Central Avenue goes dark for the Point Project

On August 3, orange cones will fan out across Central Avenue, sealing the busy east‑west route between Lake Street and the Norfolk Southern railroad bridge for up to 30 days. The closure lets crews carve new pavement onto the north half of William Street at the Central intersection, the next chess move in the multi‑year Point Improvement Project that is widening the bottle‑neck under the bridge.

Why the pain is worth it

Traffic engineers count about 25,000 vehicles a day squeezing through the underpass today; models say that number will rocket toward 40,000 by 2040. To keep pace, the $44.36 million makeover—managed by ODOT and contractor Shelly & Sands—adds lanes beneath the bridge, retools signals, runs a multi‑use path toward OH‑521, and upgrades every buried pipe from water mains to storm sewers. Completion is set for summer 2026.

How to move around it

Detour: follow William Street and Lake Street in either direction.
Local access: Central stays open between Potter and Moore Streets via side roads such as Channing, Potter and Wade.
Lake Street tweaks: right‑turn‑only at Lake/Winter and temporary parking bans near the detour throat.

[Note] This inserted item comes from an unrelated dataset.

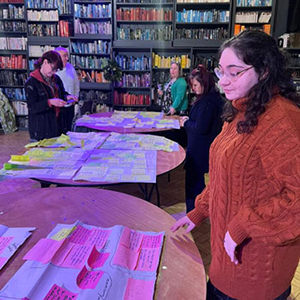 People looking at post it notes during a mental health co-production session.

SR 315’s one‑two punch: drainage first, a roundabout second

Commuters who hug the Olentangy River will feel the squeeze first. Beginning July14, State Route 315 closed in both directions between SR 750 and Orange Road for 28 days while crews yank out an aging culvert and regrade ditches that regularly flood the pavement.

Even as that work wraps, bulldozers stay put at the SR 315/Hyatts Road intersection, which shuts down the same day for 40 days so workers can sculpt a single‑lane roundabout—ODOT’s preferred fix for a crash‑prone, stop‑sign tangle that backs up during school runs and Saturday soccer.

Linked closures, shorter calendar

ODOT District 6 scheduled the projects together to “minimize the length of closures and prevent an influx of traffic” on local roads. In plain English: one summer of headaches instead of two.

Detour playbook

SR 315 mainline: U.S. 23 → SR 750 → SR 315 (or reverse).
Hyatts Road: U.S. 23 → Home Road → Liberty Road → Hyatts Road (or reverse).

The human side of orange barrels

School buses & marching bands Delaware City Schools start August 13; transportation staff have already rewritten routes to steer buses clear of the Point work zone and the SR 315 detours, hoping to keep first‑day pickups on schedule.

Small‑business math Downtown shops near Central fear a dip in foot traffic, but owners remember 2024’s overnight bridge‑demo closure that ended ahead of schedule—a confidence booster.

Cyclists & runners For those who pound the Olentangy Trail, the drainage fix on SR 315 should curb the surprise wash‑outs that send gravel across the shoulder every heavy rain.

What happens if the schedule slips?

Both projects wrote weather cushions into their calendars. A late‑summer deluge could stretch the Central closure past Labor Day, city engineers warn, while unanticipated rock in the SR 315 ditch could add days to the drainage job. ODOT promises weekly updates through variable‑message signs, social media, and its District 6 email blast.

Looking past the cones

By football season of 2025, SR 315 drivers should glide through a new roundabout and culvert, and Central Avenue should reopen with roomier approaches that set the stage for the Point Project’s grand finale next summer. Until then, the recipe is patience, an eye on the detour map—and maybe an extra podcast episode for the ride.